A few days postpartum and I sat in bed feeling sorry for myself. After an unexpected c-section, I was angry about the post-surgical restrictions placed on my maternity leave, mostly that I couldn’t run around with my 2-year-old. Our 4-story home was a challenge to the no-stairs mandate, so I was mostly confined to one floor with a bedroom and bathroom. Unable to pick up my toddler, I couldn’t put him in his high chair, hold him, or lift him from his crib. All of our usual routines were disrupted. It pained me to hear him asking for me and not be able to run upstairs to satisfy his pleas. I missed the usual mundane tasks, like dropping him off at school. I felt left out when hearing him playing with his dad or grandparents. I sat in bed wrapped in my own blanket of pity.
After a disastrous toddler bedtime on my first night home (full of heart-wrenching screams for mommy and my doing 4 flights of stairs against doctors orders), my husband came up with the brilliant idea to alter our routine so that he would read his bedtime stories in my room rather than his nursery, which would allow me to remain a part of this nightly tradition without jeopardizing my recovery. “I have books for you, mommy,” he said as he proudly marched into my room with his wet hair combed neatly and his cheeks flushed and dewy. I wrapped my one free arm around his tiny, but strong, shoulders while his baby sister slept on my chest.

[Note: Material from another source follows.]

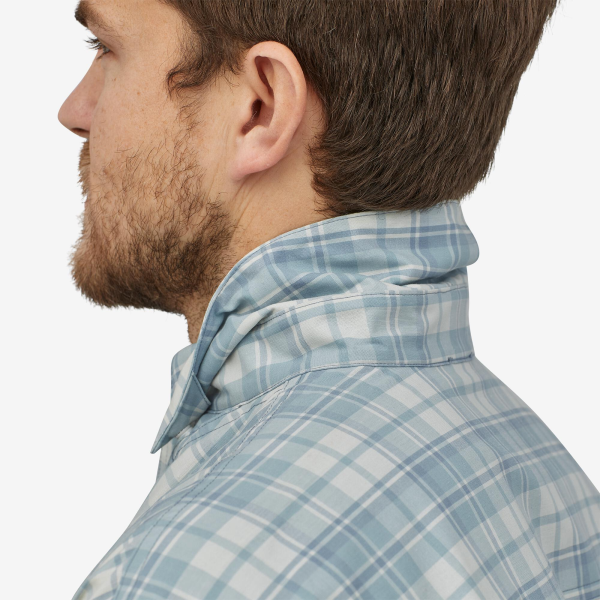 Patagonia Island Hopper Shirt Burr Berlin Blue Model Collar Patagonia Island Hopper Shirt Burr Berlin Blue Model Collar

I started to read Curious George Goes to the Zoo. I’ve read it enough that I don’t think I actually looked at the words, but instead glanced around me at the people I love most in the world snuggled in my bed. With the birth of little G, my family feels complete. My thoughts shifted from those of self-pity to those of gratitude. Although I was unable to fully participate in N’s life for the next 2 weeks, I have a lifetime ahead to enjoy these precious gifts. Overwhelmed, I started to cry. N looked at me, perplexed and fearful about why Curious George would prompt such an emotional response. I tried to reassure him, but his concern over my well-being just made me cry more. I am the luckiest mom alive.
As N left my room that night for bed, he turned to his dad, patted Curious George and said, “this book makes mommy cry.” Wiping away my tears and putting on my bravest face, I reassured him by saying that he makes mommy happy, because nothing could be more true.